ICO: Draft Communications Data Bill would only catch incompetent criminals
Giving evidence yesterday at Parliament’s Joint Committee on the draft Communications Data Bill, the Information Commissioner, Christopher Graham, said that it is questionable whether the Bill’s objective, providing access to communications data for law enforcement purposes, is achievable.
Graham thought that increasing the ability to monitor up to 85% of communications data would not be an answer. Potential criminals would start using smaller communications service providers that would not be required to retain communications data. In addition, using encryption is now more common. “This would be a system to catch the incompetent criminal,” Graham said.
Graham said that if the draft Bill progresses, some serious conversations need to be started about the ICO’s role. The draft Bill defines many responsibilities but does not provide additional powers. Graham said that specialist staff, grant-in-aid and power to audit private sector companies would be needed.
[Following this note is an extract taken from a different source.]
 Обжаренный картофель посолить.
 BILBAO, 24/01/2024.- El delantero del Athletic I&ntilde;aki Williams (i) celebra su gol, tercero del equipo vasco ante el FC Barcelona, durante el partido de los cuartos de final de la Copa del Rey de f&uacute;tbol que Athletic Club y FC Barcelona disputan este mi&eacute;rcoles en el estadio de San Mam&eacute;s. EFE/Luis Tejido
While the ICO recognises that it is for Parliament to determine whether the proposals contained in the draft Bill are a proportionate response to the perceived problem of communications data capability, not knowing who the relevant communications providers are, and who the ICO would be required to monitor, puts the ICO under undue pressure. The extent of the Information Commissioner’s role needs to be made clear, and there should be post-legislative scrutiny if the Bill is adopted.